Every line from the beginning of the records below up to the one holding "Women's Athletic Hight-Waist Slim Leggings" should be quoted exactly; leave out the rest.

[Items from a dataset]
......

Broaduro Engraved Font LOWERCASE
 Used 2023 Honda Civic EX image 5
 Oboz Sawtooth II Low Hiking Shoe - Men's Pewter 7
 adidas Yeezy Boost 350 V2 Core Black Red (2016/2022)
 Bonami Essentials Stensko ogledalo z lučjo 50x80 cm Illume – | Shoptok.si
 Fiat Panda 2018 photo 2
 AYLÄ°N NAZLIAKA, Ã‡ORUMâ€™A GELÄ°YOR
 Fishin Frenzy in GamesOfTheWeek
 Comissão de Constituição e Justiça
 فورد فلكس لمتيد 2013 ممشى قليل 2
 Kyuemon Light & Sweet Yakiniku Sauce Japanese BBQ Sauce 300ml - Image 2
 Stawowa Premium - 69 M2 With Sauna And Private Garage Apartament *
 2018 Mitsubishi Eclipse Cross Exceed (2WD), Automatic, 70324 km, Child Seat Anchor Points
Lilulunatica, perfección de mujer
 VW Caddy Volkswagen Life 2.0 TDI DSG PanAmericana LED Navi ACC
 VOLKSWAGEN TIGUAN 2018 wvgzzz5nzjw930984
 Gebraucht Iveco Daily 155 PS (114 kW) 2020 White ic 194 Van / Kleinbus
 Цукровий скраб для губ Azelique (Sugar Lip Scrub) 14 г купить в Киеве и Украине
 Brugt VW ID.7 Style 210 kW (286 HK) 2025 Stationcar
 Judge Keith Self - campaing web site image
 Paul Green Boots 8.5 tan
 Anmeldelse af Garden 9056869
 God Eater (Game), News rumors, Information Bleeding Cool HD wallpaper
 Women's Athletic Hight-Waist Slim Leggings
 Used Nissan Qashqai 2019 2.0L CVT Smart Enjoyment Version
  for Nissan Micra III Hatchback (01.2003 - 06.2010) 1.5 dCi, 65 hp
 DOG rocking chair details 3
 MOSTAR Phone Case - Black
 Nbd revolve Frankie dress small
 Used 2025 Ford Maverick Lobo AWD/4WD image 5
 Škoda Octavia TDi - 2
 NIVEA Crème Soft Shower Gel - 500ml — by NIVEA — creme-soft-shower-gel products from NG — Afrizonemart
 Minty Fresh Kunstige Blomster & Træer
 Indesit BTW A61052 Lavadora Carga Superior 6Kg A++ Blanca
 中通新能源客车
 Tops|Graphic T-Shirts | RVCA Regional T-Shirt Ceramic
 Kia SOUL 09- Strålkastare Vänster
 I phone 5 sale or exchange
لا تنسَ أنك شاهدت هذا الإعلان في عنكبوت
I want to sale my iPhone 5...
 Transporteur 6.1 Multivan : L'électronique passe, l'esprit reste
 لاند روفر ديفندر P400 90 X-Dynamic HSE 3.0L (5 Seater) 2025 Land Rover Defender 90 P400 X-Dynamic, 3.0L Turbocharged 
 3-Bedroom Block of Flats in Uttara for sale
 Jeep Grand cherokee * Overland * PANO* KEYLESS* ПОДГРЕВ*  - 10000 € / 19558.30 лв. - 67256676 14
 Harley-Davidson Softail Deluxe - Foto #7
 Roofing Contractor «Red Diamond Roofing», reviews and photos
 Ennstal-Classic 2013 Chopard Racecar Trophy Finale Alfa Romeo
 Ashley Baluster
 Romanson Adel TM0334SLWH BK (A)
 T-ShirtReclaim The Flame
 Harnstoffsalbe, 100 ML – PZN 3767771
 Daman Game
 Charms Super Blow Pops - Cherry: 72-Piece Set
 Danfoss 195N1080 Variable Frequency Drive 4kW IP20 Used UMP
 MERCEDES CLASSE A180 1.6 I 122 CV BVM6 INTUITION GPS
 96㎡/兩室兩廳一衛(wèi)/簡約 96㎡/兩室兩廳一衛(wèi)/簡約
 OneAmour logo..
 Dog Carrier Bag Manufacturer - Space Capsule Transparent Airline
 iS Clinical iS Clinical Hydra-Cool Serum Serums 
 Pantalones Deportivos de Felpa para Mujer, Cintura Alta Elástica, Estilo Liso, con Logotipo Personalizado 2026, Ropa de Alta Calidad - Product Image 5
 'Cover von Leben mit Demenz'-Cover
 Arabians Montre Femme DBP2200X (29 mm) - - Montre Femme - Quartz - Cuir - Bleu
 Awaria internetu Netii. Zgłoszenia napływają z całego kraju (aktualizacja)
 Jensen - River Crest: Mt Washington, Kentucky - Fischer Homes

......

◆ **YOUR SOLUTION**
Broaduro Engraved Font LOWERCASE
 Used 2023 Honda Civic EX image 5
 Oboz Sawtooth II Low Hiking Shoe - Men's Pewter 7
 adidas Yeezy Boost 350 V2 Core Black Red (2016/2022)
 Bonami Essentials Stensko ogledalo z lučjo 50x80 cm Illume – | Shoptok.si
 Fiat Panda 2018 photo 2
 AYLÄ°N NAZLIAKA, Ã‡ORUMâ€™A GELÄ°YOR
 Fishin Frenzy in GamesOfTheWeek
 Comissão de Constituição e Justiça
 فورد فلكس لمتيد 2013 ممشى قليل 2
 Kyuemon Light & Sweet Yakiniku Sauce Japanese BBQ Sauce 300ml - Image 2
 Stawowa Premium - 69 M2 With Sauna And Private Garage Apartament *
 2018 Mitsubishi Eclipse Cross Exceed (2WD), Automatic, 70324 km, Child Seat Anchor Points
Lilulunatica, perfección de mujer
 VW Caddy Volkswagen Life 2.0 TDI DSG PanAmericana LED Navi ACC
 VOLKSWAGEN TIGUAN 2018 wvgzzz5nzjw930984
 Gebraucht Iveco Daily 155 PS (114 kW) 2020 White ic 194 Van / Kleinbus
 Цукровий скраб для губ Azelique (Sugar Lip Scrub) 14 г купить в Киеве и Украине
 Brugt VW ID.7 Style 210 kW (286 HK) 2025 Stationcar
 Judge Keith Self - campaing web site image
 Paul Green Boots 8.5 tan
 Anmeldelse af Garden 9056869
 God Eater (Game), News rumors, Information Bleeding Cool HD wallpaper
 Women's Athletic Hight-Waist Slim Leggings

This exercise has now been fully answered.